Ultimate Urology Exam Guide
Highly concentrated for MCQs. Tap on topics to expand. Scroll tables horizontally.
Lecture 1: Introduction to Urology
Definition & Pain Symptoms
- Urology: Deals with male Genitourinary Tract (GUT), female urinary tract, and adrenal gland surgical diseases.
- Renal Pain: Located in Costovertebral Angle (CVA) lateral to sacrospinalis muscle beneath 12th rib. Caused by acute distention of renal capsule (inflammation/obstruction).
- Ureteral Pain: Due to acute obstruction, hyperperistalsis, and smooth muscle spasm. Referred pain depends on site:
- Midureter (Right): McBurney's point (simulates appendicitis).
- Midureter (Left): Simulates diverticulitis.
- Lower ureter: Referred to scrotum (male) or labium (female), produces vesical irritability.
- Vesical Pain: Overdistention (acute retention) or inflammation. Constant pain *without* retention is seldom urologic.
- Prostatic Pain: Poorly localized. Severe prostatic edema may produce acute urinary retention.
- Penile Pain: Flaccid = referred from bladder/urethra. Paraphimosis = foreskin trapped behind glans. Erect = Peyronie's disease or Priapism.

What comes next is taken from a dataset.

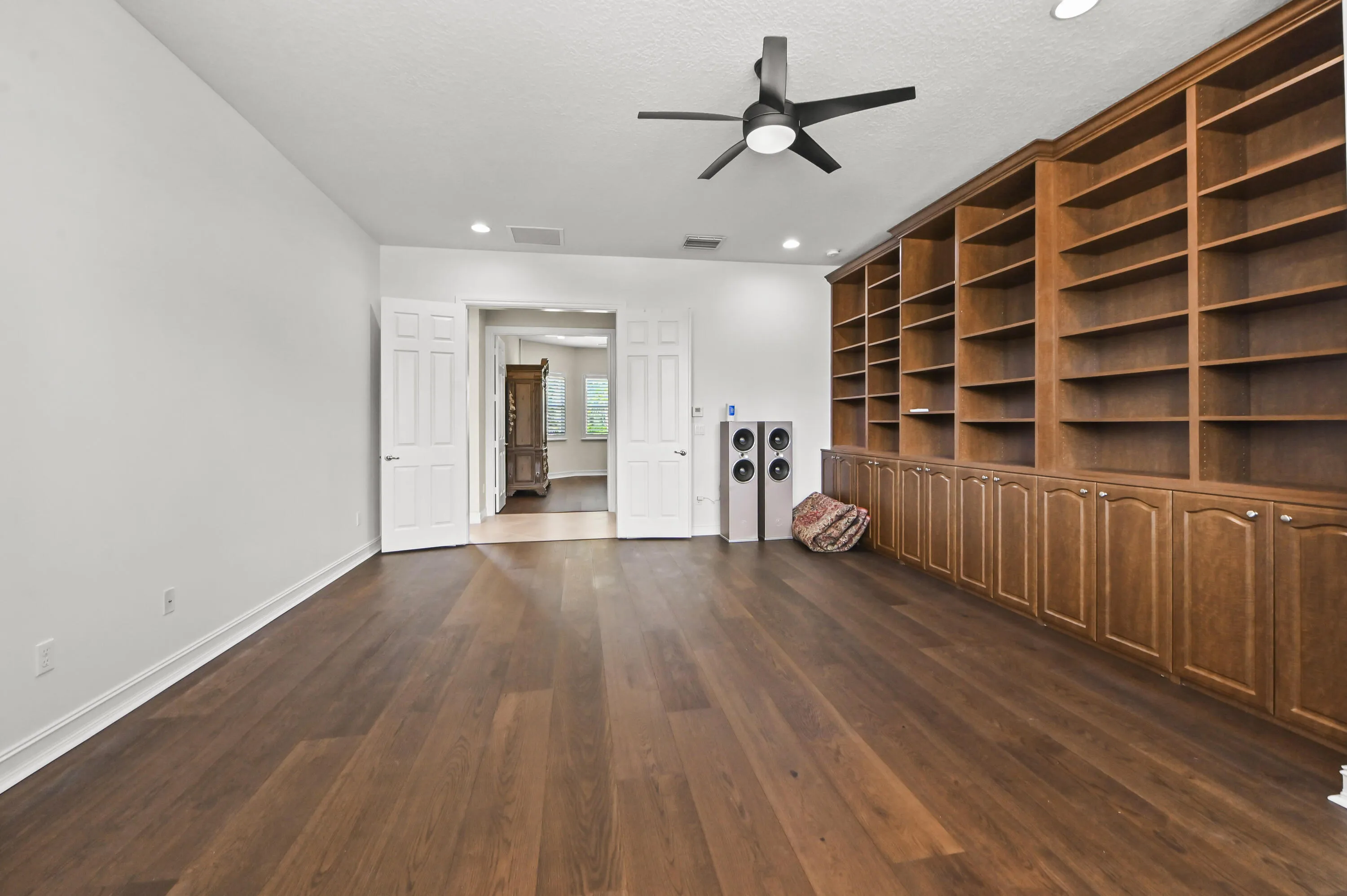 30 Home Office 02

- Testicular Pain: Acute = Torsion or Epididymitis. Chronic = Noninflammatory (Hydrocele or Varicocele - dull, heavy, non-radiating).
Hematuria
- Definition: >3 RBCs per High-Power Field (HPF).
- In adults: Regarded as urologic malignancy until proven otherwise.
- Timing:
- Initial: Arises from urethra.
- Total: Most common, indicates bladder or upper urinary tracts.
- Terminal: Bladder neck or prostatic urethra inflammation.
- Associations:
- With pain: Upper tract hematuria with ureteral clots.
- Painless: Often indicates malignancy.
- Clot shape: Vermiform (wormlike) clots = upper urinary tract origin.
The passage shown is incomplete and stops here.